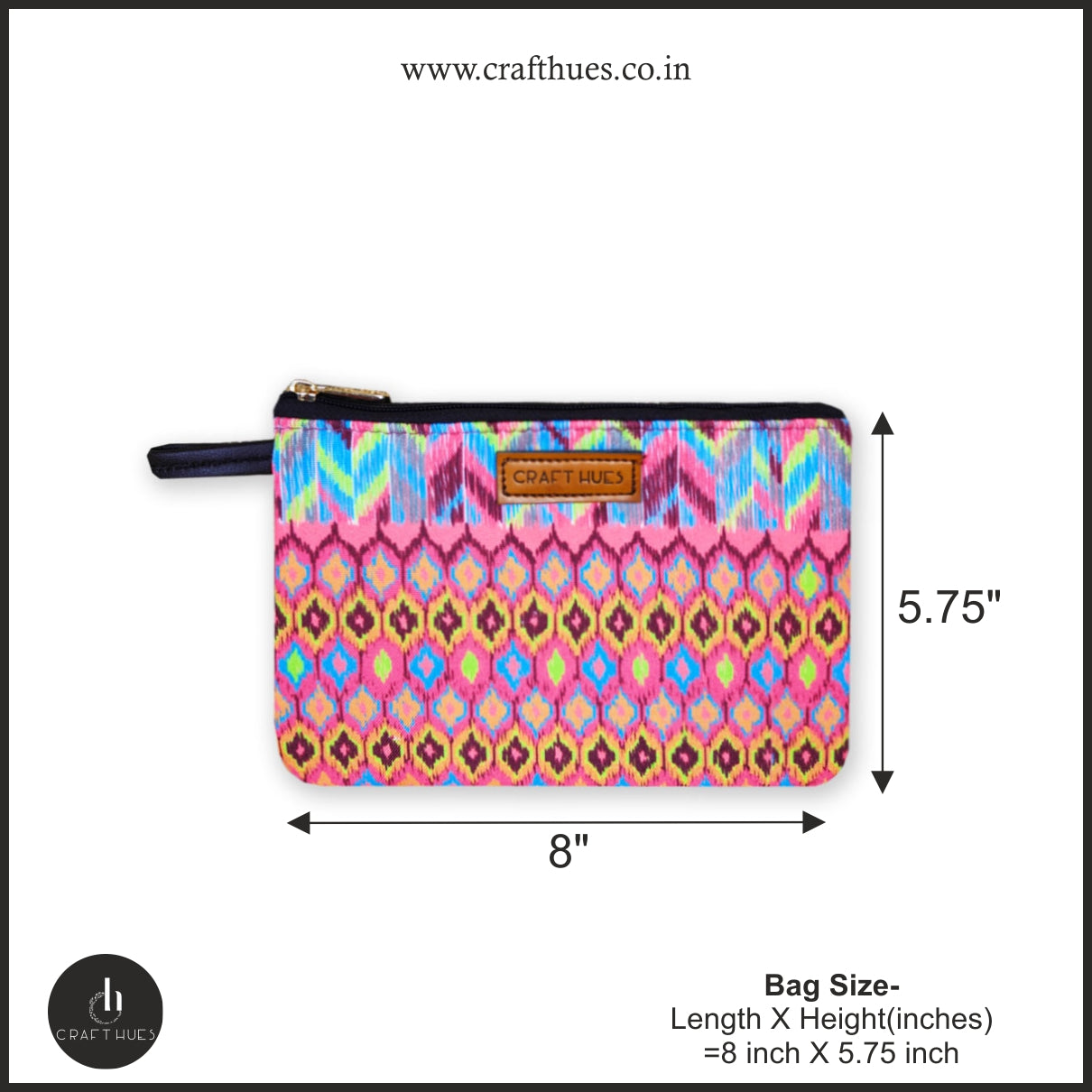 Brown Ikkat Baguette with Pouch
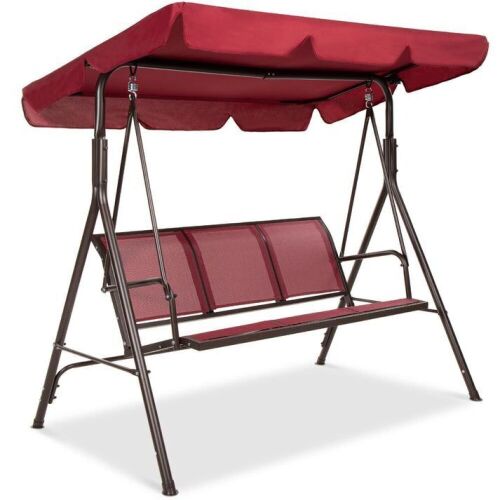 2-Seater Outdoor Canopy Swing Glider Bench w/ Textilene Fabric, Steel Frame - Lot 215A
---
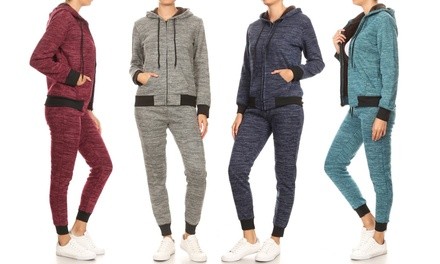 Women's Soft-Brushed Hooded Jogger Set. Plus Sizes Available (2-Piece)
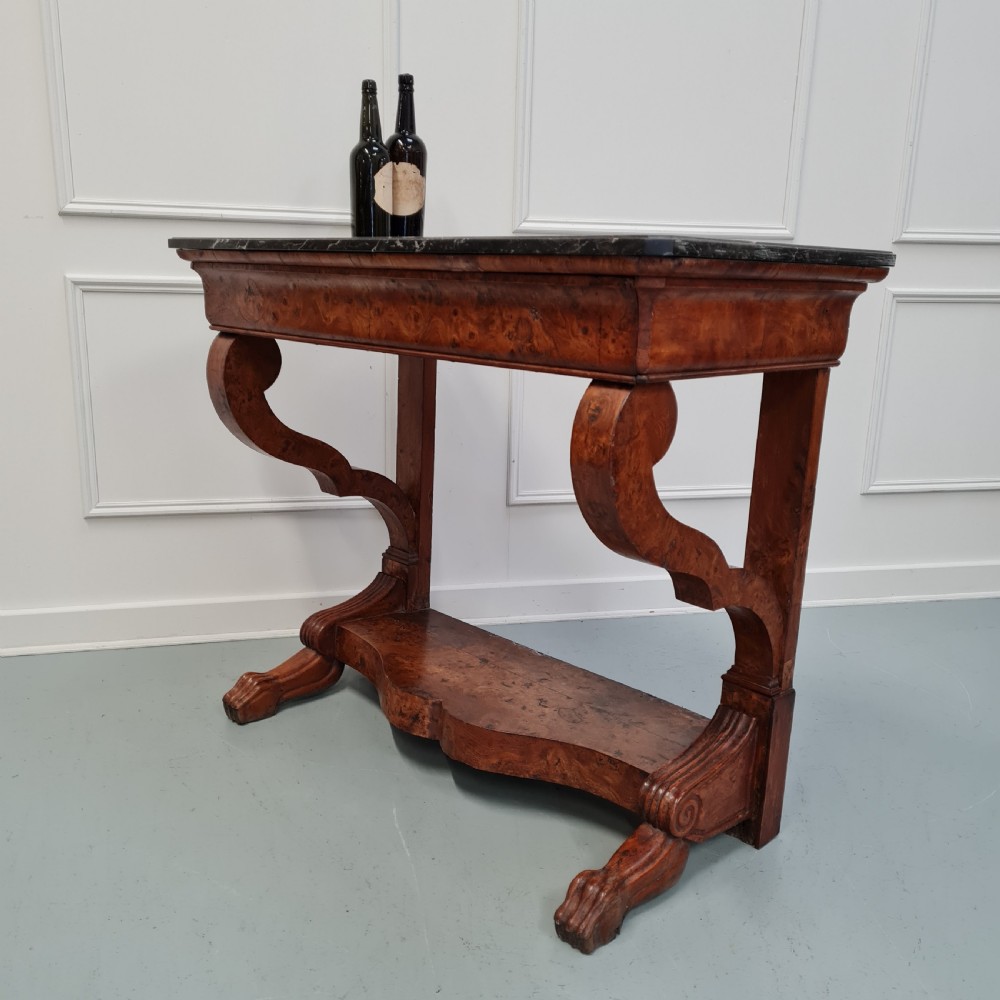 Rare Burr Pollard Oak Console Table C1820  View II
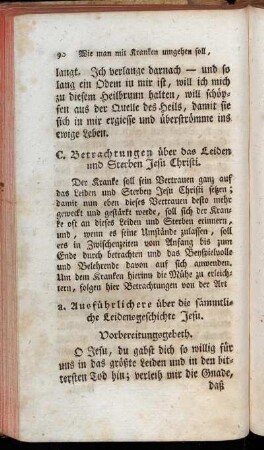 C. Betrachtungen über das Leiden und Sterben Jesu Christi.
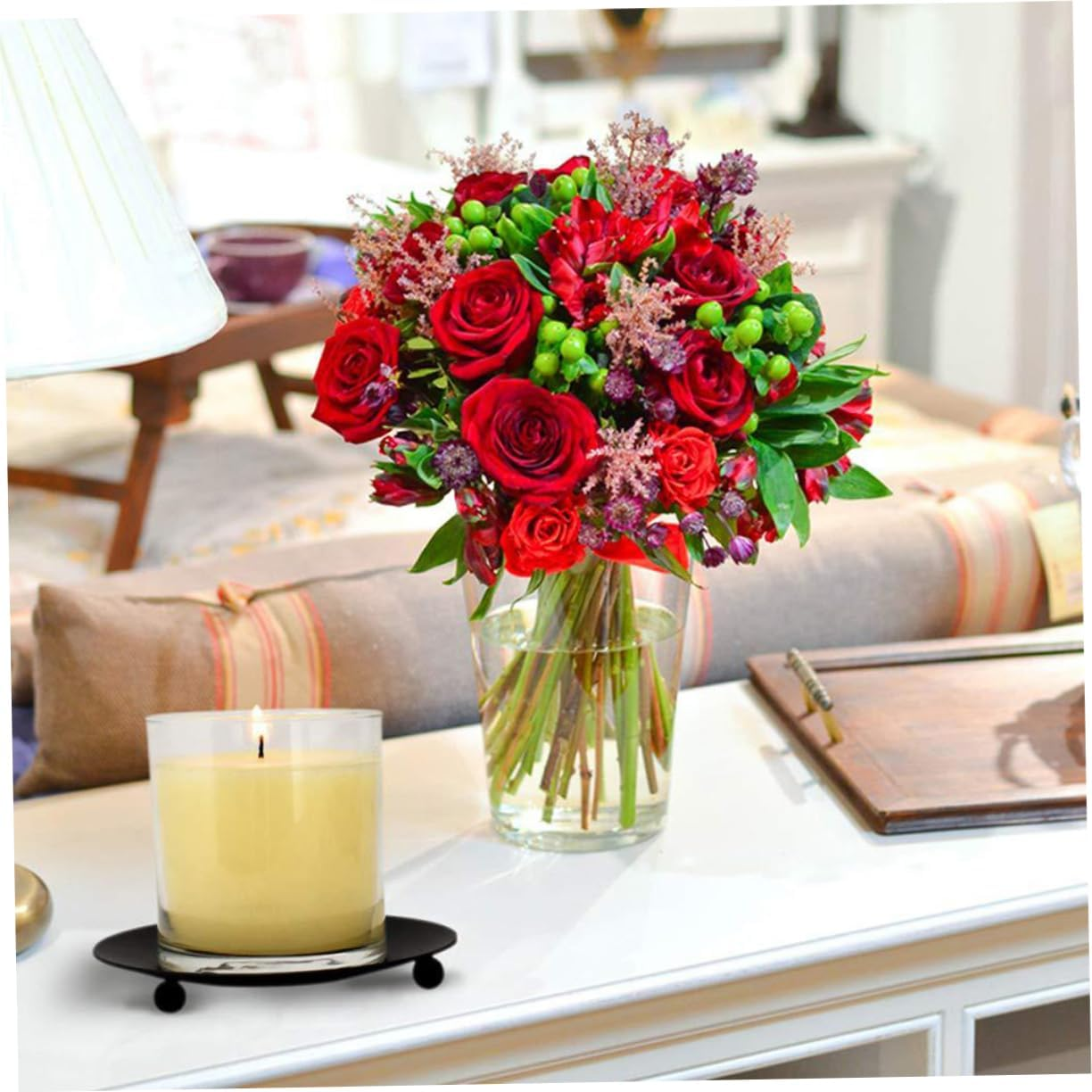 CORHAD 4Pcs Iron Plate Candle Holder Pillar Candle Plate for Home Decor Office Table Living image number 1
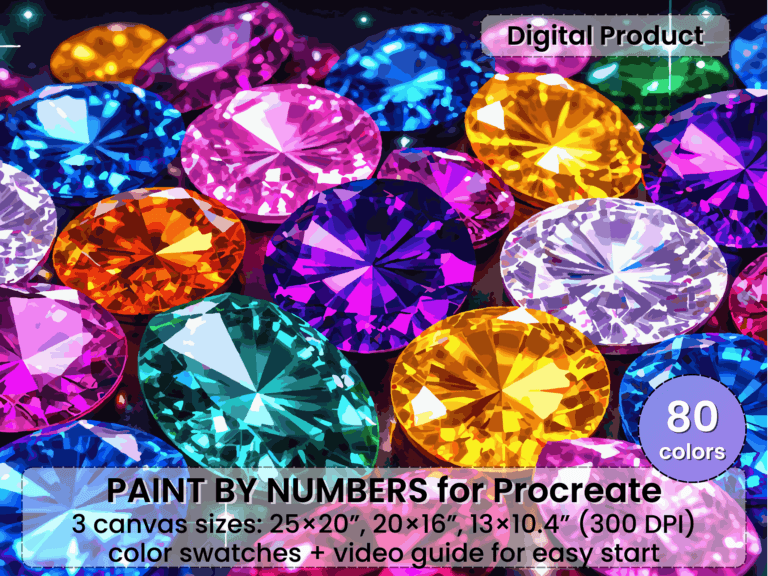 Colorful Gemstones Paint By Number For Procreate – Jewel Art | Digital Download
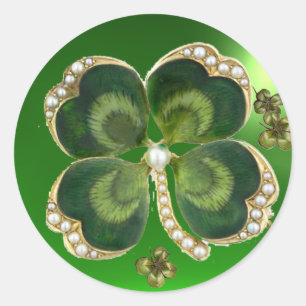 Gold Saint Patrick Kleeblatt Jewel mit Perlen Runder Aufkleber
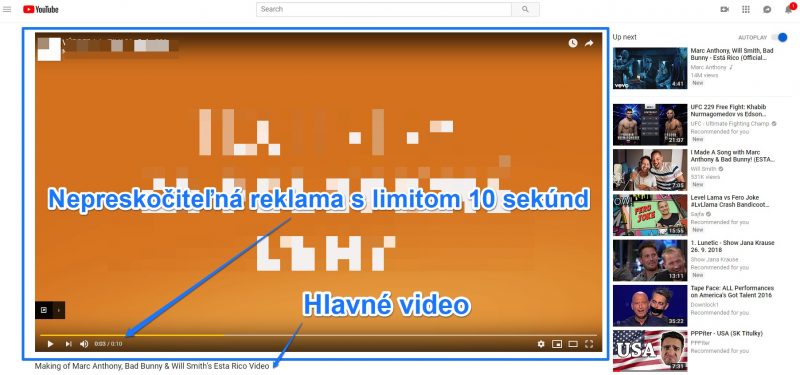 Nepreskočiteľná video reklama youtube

> [WHAT YOU WILL DO]: Above are the records; please give again, exactly and in full, only the lines that run from the line with "Brown Ikkat Baguette with Pouch" through the line with "2-Seater Outdoor Canopy", with no pictures.

> [ANSWER SECTION]:
 Brown Ikkat Baguette with Pouch
 2-Seater Outdoor Canopy Swing Glider Bench w/ Textilene Fabric, Steel Frame - Lot 215A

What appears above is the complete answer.